For those aged 0–14 years, we approached three specialist children's cancer registries—two regional and one national; for those aged 15–24 years we approached one specialist regional registry for young people and two regional cancer registries; for those aged over 25 years we approached two regional cancer registries (see table 1). Therefore we expected ascertainment in the younger age groups to be better. This was confirmed by the significantly higher percentage of cases known to us that were not notified by NHSCR in the younger age groups (see table4A: 10%, 6% and 4% in the age groups 0–14, 15–24 and over 25 years respectively, p for heterogeneity=0.02). This under-notification by NHSCR was more marked for cases who had not died (NHSCR failed to notify 16%, 10% and 3% of such cases in the respective age groups, p for heterogeneity =0.006). After stratifying by age group there was little variation in the level of notification over the time period considered (p=0.83, see table 4B).
There must inevitably be other cancers, not ascertained by us from any source. If ascertainment from NHSCR cancer registrations and the other sources listed in table 1 were independent, the estimated number of such cancers would be 0.0, 1.9 and 4.4, in those aged 0–14, 15–24 and over 25 years at diagnosis, respectively. Adding these estimates of cancers missed by all sources to the numbers of cancers missed by NHSCR but known from other sources (see above) implies that NHSCR missed a total of 10% (95%CI 6%, 15%), 7% (95%CI 4%, 11%) and 5% (95%CI 3%, 8%) of actual cancers in these age groups and 7% (95%CI 5%, 9%) of cancers overall.
Of the 26 cancer registrations in people over 15 years not notified by NHSCR, 19 (73%) were notified to us by regional cancer registries (Northern Region Cancer Bureau or North Western Regional Cancer Registry), which notify cancers to the National Cancer Intelligence Centre and hence would be expected to be recorded by NHSCR; this proportion did not change significantly over time.

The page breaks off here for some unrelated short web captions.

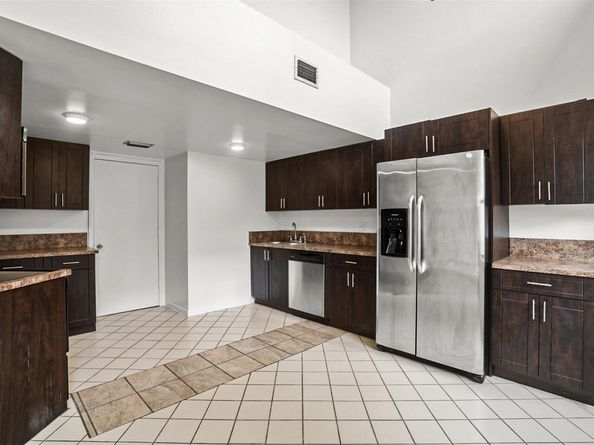 1013 SW 112th Ter 1013, Pembroke Pines FL 33025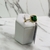 Anel de pedra quadrada verde esmeralda cravejado com zirconias banhado a ouro na internet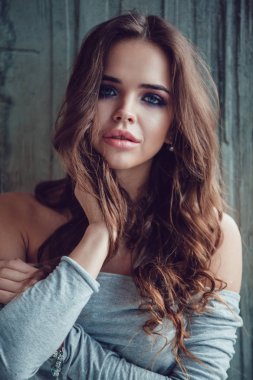 Makyaj ve güzel saçları olan seksi bir kadın portresi.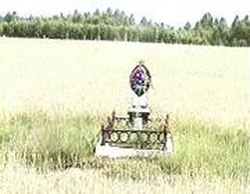 Лиозно: Памятник одному из 27-ми тысяч погибших воинов освободителей (03.04.2004)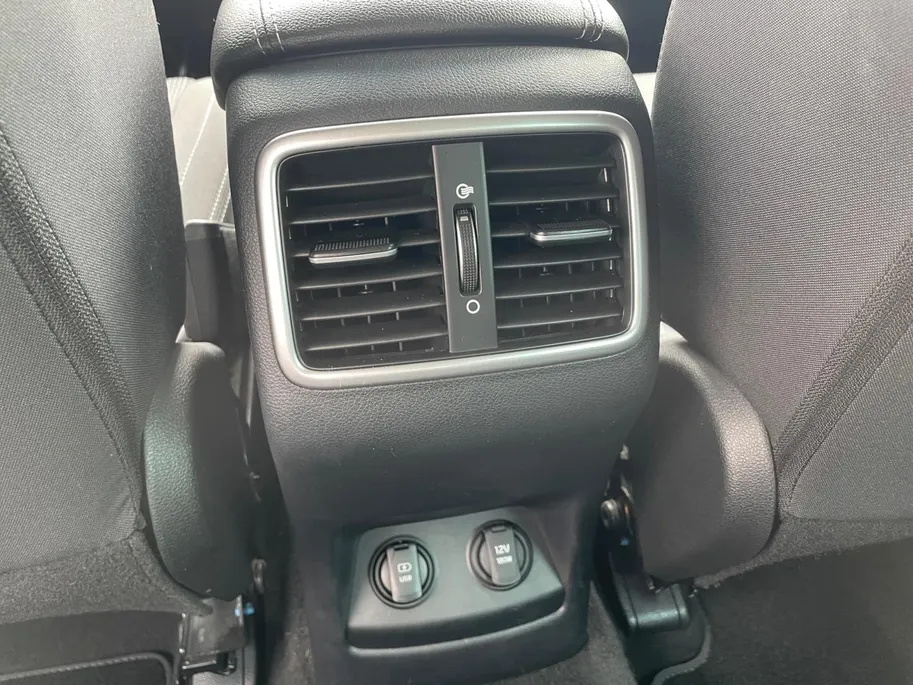 Kia Sportage 1.6 GDI DynamicLine |Android auto/Carplay| Navigatie|Trekhaak| All season banden| Achteruitrijcamera | Cruise control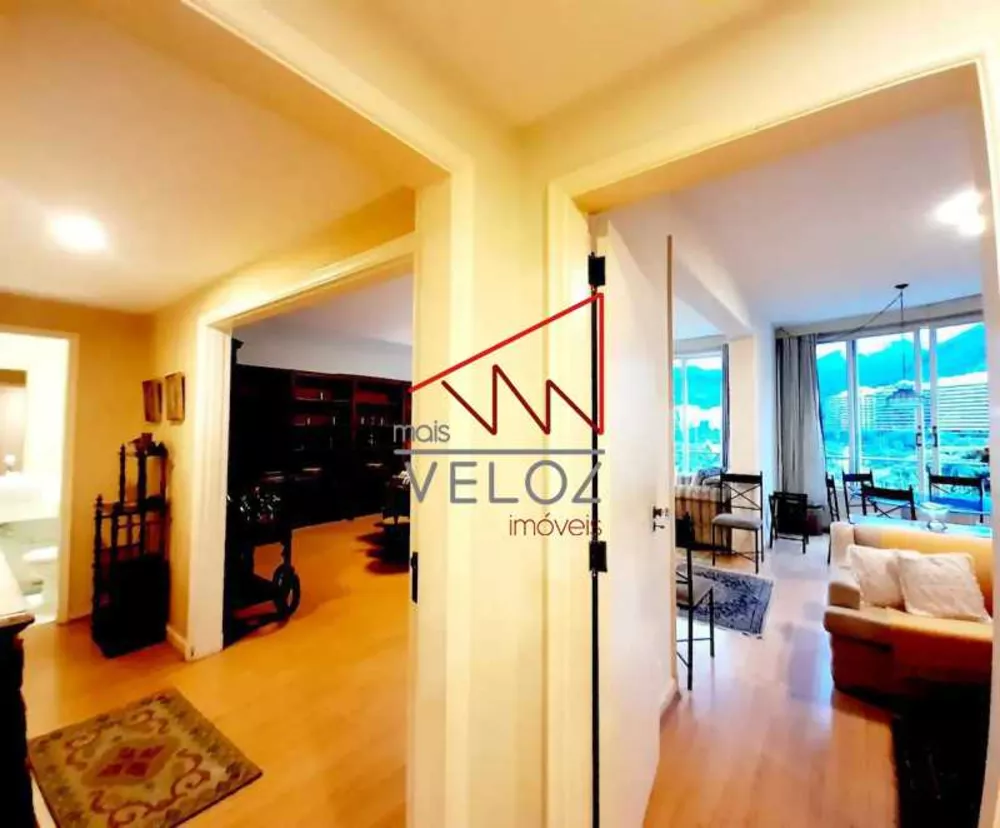 Apartamento, 3 quartos, 216 m² - Foto 2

A national system of cancer registration, such as National Cancer Intelligence Centre, is a prerequisite for monitoring geographical, social and occupational trends in cancer incidence and for the development and evaluation of policies on prevention and screening of cancer.16 17 However, many epidemiological studies require the linkage of cancer details to individuals. NHSCR provides such a facility for England and Wales, aiding the selection of samples from the entire population for inclusion in cohort or case-control studies. Individuals can be “flagged” for retrospective studies, researchers being informed if their study members have developed cancer, died or emigrated whereas, for prospective studies, researchers are informed if and when these events occur.6 Hence, many epidemiological investigations rely on the timeliness, completeness and accuracy of information passed to researchers by NHSCR,18although for some studies, data obtained directly from regional registries may be more appropriate.19
Although the need for quality assurance of cancer registration data is recognised,20 21 few systematic audits have been carried out to date of the completeness and accuracy of cancer data recorded on NHSCR, (see table 6). Although the cohort considered in this study does not constitute a random sample of cancer cases in England and Wales, being biased towards those diagnosed at a younger age and in more recent years, it extends the findings of previous studies.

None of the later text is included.